Barberton Mines chose to reassess their underground mapping technology to improve the speed and accuracy of their survey operations and increase productivity in the mines.

How GeoSLAM fits in at Barberton Mines

Barberton Mines was the first mine in Sub-Saharan Africa to use GeoSLAM technology when they purchased a ZEB1 in 2014. The results and continued success on the mine prompted them to invest in 4 ZEB Revo’s in 2019, which are still in use today.

The ZEB Revo is lightweight and accurate, making it the perfect tool for surveying. The survey team can complete scans of the mines in half the time, and the process is repeatable. These capabilities have contributed to Barberton Mines streamlining their workflows, long-term cost savings, and greater returns on investment.

The scanner’s ease-of-use only requires one person on-site to capture data. Furthermore, it doesn’t require professional training to use the equipment so operators can capture data in parts of the mine that surveyors cannot access for safety reasons. This casts a virtual eye on areas of the mine previously unseen by the surveyors and creates an opportunity to review old tunnels.

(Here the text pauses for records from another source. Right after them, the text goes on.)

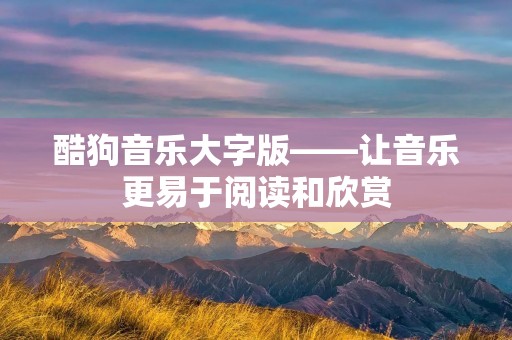 酷狗音乐大字版——让音乐更易于阅读和欣赏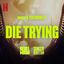 Cover Die Trying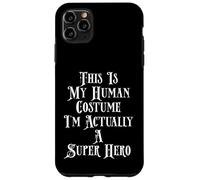 This Is My Human Costume I'm Actually A Super Hero Case for iPhone 11 Pro Max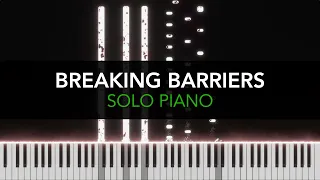 BREAKING BARRIERS - Emotional Piano Solo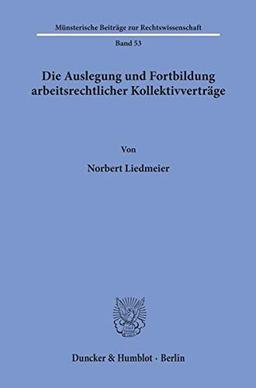 Die Auslegung und Fortbildung arbeitsrechtlicher Kollektivverträge. (Münsterische Beiträge zur Rechtswissenschaft, Band 53)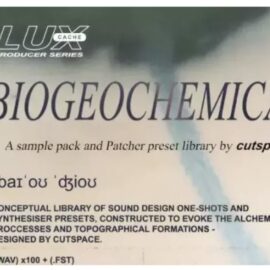 Cutspace BIOGEOCHEMICA [WAV, Synth Presets] (Premium)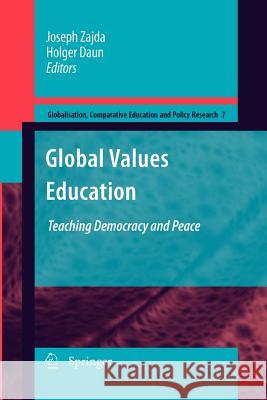 Global Values Education: Teaching Democracy and Peace Zajda, Joseph 9789400736825
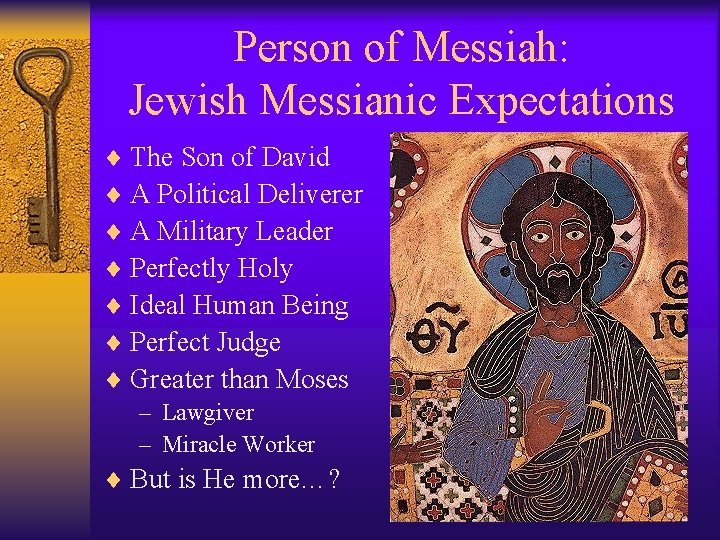 Person of Messiah: Jewish Messianic Expectations ¨ The Son of David ¨ A Political
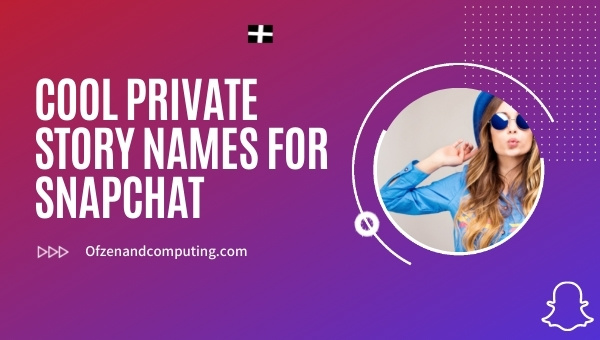 Cool Private Story Names for Snapchat (2025)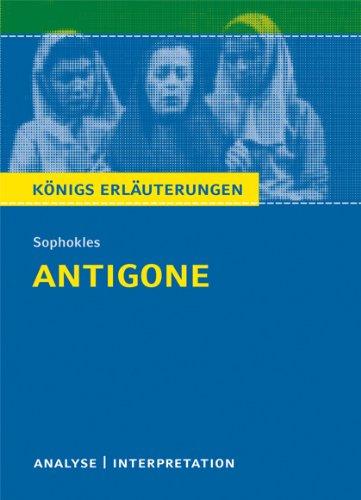 Königs Erläuterungen: Textanalyse und Interpretation zu Sophokles. Antigone. Alle erforderlichen Infos für Abitur, Matura, Klausur und Referat plus Musteraufgaben mit Lösungen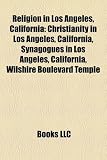 Religion in Los Angeles, California: Christianity in Los Angeles, California, Synagogues in Los Angeles, California, Wilshire Boulevard Temple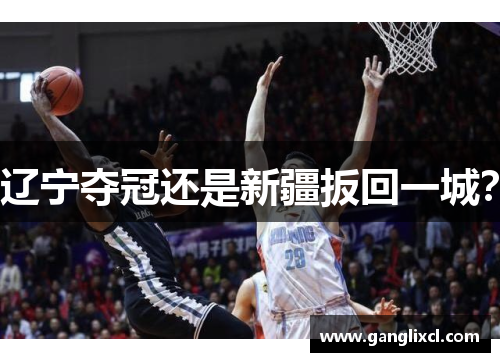 辽宁夺冠还是新疆扳回一城?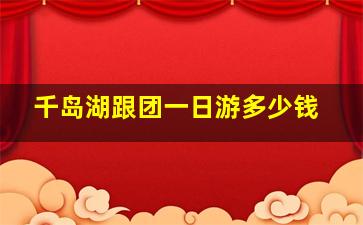 千岛湖跟团一日游多少钱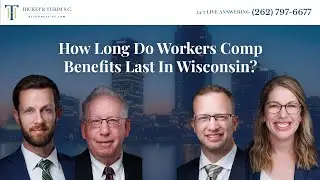 How long do workers' comp benefits last in Wisconsin? - Hickey & Turim S.C.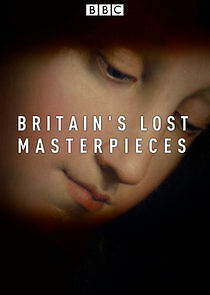 Watch Britain's Lost Masterpieces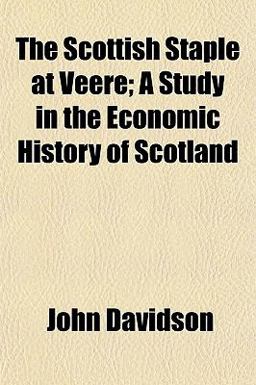 The Scottish Staple at Veere; a Study in the Economic History of Scotland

Finally, the lack of extensive training required to learn how to operate the scanner benefits new employees and the mine in general. It takes less than an hour to learn how to use the equipment and to process the final point cloud data, allowing surveyors to spend more time assessing final deliverables and finding ways to improve efficiencies in the mining process.

GeoSLAMs scanners have exceeded our expectations and have helped to achieve our goals where other mapping methods could not.”
– Thys Smith, Chief Surveyor at Barberton Mines

Solutions

Having originally invested in handheld scanners for underground mapping, Barberton Mines have since adopted the technology for other applications, further increasing their return on investment. The scanners are now operating across three key aspects of Barberton’s mining process.

Production Progress Mapping

The original and most common use for scanning is Production Progress Mapping. Barberton completes daily scans of the mines, bringing the data back for regular analysis of production progress mapping.

The scanned areas are approximately 300 m3 and using GeoSLAM technology, they can scan large areas in about 10-15 minutes. In addition, because the scanners are handheld, production at the mine isn’t compromised by having to stop miners from doing their jobs while scanning is in process.

Using the ZEBs, surveyors no longer need to be underground for extended periods, unlike previous methods. They begin their scans in a safe area, proceed to the mining faces, and finish back in the safe area while capturing the data needed – a completely repeatable and efficient process.

Stockpile Measurements

Barberton Mines has 5-6 stockpiles that make up 4000 cubic tons of material. They frequently measure the volume of these stockpiles, to ensure they have accurate and up-to-date information on their resources.

Simply walking around the stockpiles with a scanner and importing the data into 3rd party software, provides the survey team with all the information they need to produce required reports.

Health and Safety

One example of where scanning has improved health and safety is the mapping of transport shafts. To comply with safety regulations, surveyors frequently scan the shafts to look for rock movement or deformation that might require further investigation.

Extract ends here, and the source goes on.